O debate sobre a intersecção entre religião, esfera pública e política no Brasil contemporâneo revela uma complexidade rica, passível de ser abordada a partir de uma perspectiva pós-estruturalista, especialmente por meio da teoria do discurso e da análise dos discursos que configuram as relações entre religião, sociedade e poder. Em três intervenções teóricas recentes, são traçados percursos que oferecem uma leitura crítica das dinâmicas entre religião e política no Brasil, com especial ênfase no papel do calvinismo (e suas ressignificações no contexto contemporâneo).
A primeira contribuição, intitulada "A tradição calvinista é intolerante? Uma breve contribuição à análise crítica da autorreferencialidade reformada", problematiza as tensões internas da formação discursiva calvinista no Brasil, utilizando conceitos chave do pós-estruturalismo, em especial a teoria do discurso e o conceito de articulação hegemônica, proposto por Ernesto Laclau. O núcleo da análise concentra-se na forma como o calvinismo, em sua vertente mais conservadora, constrói uma lógica autorreferencial que resiste a movimentos ecumênicos e progressistas. Nesse ponto, destaca-se o desafio de conciliar essa tradição religiosa com as demandas contemporâneas por direitos humanos (e por uma abertura teológica que transcenda sua fixidez dogmática).
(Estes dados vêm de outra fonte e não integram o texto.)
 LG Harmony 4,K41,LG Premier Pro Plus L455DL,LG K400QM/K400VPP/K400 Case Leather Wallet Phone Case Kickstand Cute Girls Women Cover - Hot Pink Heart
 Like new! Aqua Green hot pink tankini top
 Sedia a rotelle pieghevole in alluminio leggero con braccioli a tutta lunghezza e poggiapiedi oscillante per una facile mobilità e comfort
O conceito de articulação hegemônica permite explorar como a formação discursiva calvinista é moldada por lógicas de poder que estruturam a hegemonia religiosa, criando antagonismos que separam o "nós" dos "outros". Dentro desse contexto, a tradição reformada tem sido apropriada por grupos que a utilizam como um mecanismo de resistência à secularização e às demandas por justiça social e equidade de gênero, erigindo barreiras que dificultam a adaptação do calvinismo às questões contemporâneas de reconhecimento. A cristalização do calvinismo em uma forma rígida e autorreferencial no Brasil levanta questionamentos sobre a possibilidade de sua rearticulação a partir de uma perspectiva mais inclusiva e pluralista.
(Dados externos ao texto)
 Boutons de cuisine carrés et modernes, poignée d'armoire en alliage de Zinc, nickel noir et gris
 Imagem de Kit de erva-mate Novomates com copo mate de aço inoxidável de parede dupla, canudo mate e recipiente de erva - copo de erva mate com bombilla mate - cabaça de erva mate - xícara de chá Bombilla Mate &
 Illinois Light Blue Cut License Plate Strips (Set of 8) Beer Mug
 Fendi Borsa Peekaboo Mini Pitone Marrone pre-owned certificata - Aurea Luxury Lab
Essa primeira intervenção, ao questionar a tradição autorreferencial do calvinismo, advoga por uma crítica imanente que resgate os elementos dinâmicos e criativos que caracterizaram a Reforma Protestante. Inclusive, essa crítica sugere uma articulação mais pluralista e menos dogmática dessa tradição no contexto religioso brasileiro, o que implicaria uma abertura ao ecumenismo e ao diálogo inter-religioso, superando a lógica hegemônica que atualmente predomina nos discursos conservadores no Brasil.
Na segunda intervenção, "Conservadorismos, fundamentalismo protestante e democracia no Brasil: uma compreensão em chave pós-estruturalista", os autores expandem o escopo da análise para examinar a relação entre o fundamentalismo protestante e o conservadorismo no Brasil contemporâneo. A perspectiva pós-estruturalista é utilizada aqui para problematizar a estabilidade conceitual de termos como "fundamentalismo" e "conservadorismo", sugerindo que tais conceitos são contingentes e dependentes das formações discursivas que os produzem. Nesse sentido, o fundamentalismo protestante, sobretudo em sua vertente neocalvinista, é compreendido como uma construção discursiva que responde a antagonismos políticos e sociais.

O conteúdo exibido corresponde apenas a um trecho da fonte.